Sergio Garcia reaffirmed the value of patience
Guest Contributor Chris Saksa is a young business professional in the Chicago area employed as a Field Recruiting Coordinator for CNO Financial Group in their Bankers Life division. A 2016 graduate of Illinois State University, where he earned a B.S. Degree in Communication Studies: Organizational and Leadership Communication, he is devoted to, among other things, golf, the White Sox, and Blackhawks. During his time at Illinois State, he was an Intramural Supervisor/Official, and in May 2015 he was recognized with the Illinois State University Fitness Center Outstanding Guest Service Award. He also umpired Little League baseball for the Westmont (Ill.) Park District. All of that officiating has helped him call things as he sees them.
Just a couple of weeks ago, we saw Sergio Garcia win his first-ever major, at the Masters in Augusta. Before April 9th, Sergio was 0 for 73 in major championships. 0 for 73!

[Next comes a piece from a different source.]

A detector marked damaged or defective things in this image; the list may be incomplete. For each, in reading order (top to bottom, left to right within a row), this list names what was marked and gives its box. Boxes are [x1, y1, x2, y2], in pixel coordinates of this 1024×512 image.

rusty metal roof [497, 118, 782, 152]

Now, I am too young to remember the early battle Sergio had with Tiger Woods at Medinah Country Club in 1999, where Tiger beat him by a shot, but I have seen highlights and I have watched a lot of golf over the course of my 23 years. I remember watching Sergio have one hand on the claret jug at Carnoustie only to have the golf gods rip it out of his hands at the 2007 Open Championship, and then again at the 2008 PGA Championship at Oakland Hills, where, as he had at Carnoustie, Sergio ran into a man named Padraig Harrington. (In my opinion, Harrington is one of the most underrated golfers out there, but that’s a different story.)
Watching Garcia slip on the green jacket, emblematic of the Masters, told me one thing: It affirmed the belief that good things come to those who are patient. We have all experienced tough times, and sometimes we think too much like Sergio thought. He would say openly: “I cannot catch a break.” Many of us have likely said the same thing, and added, “I will never win or achieve my dream.”
Golf, much like life, can be cruel and unfair sometimes. It can make us feel like we are on top of the world one second and then make us feel all alone in complete darkness the next. But the lesson that Sergio Garcia taught on that Sunday at Augusta is: patience. Ask anyone who has fallen on tough times or any golfer who has had a few bad holes and what do they say? “Take one day at a time,” or “Be patient and take one shot at a time.”
Whether it’s one of the many times we experience failure, or when we fall short of achieving our goal and seriously think about giving up, we have huge doubts that the day of triumph will ever come. I am sure Sergio went home from his close finishes in the majors and thought, “What is the point of me even going to a major, it’s not like I am going to win anyway.” He openly complained about the majors being against him, which made him seem petulant. But even after all that, Garcia continued to show up, he never gave up on his dream of being a major champion and his patience was rewarded with a green jacket and the title of Masters champion.
The lesson is quite clear: The next time you struggle in a situation or think you can’t catch a break, recall how someone as talented as Sergio Garcia failed 73 times to achieve his goal of winning a major. But give him credit, he persevered and as of April 9 he’s classified as a major champion and no one can take that away from him. He overcame negative thoughts that he wasn’t good enough and let positive beliefs put all doubt aside. What a great lesson we all can use in our own lives.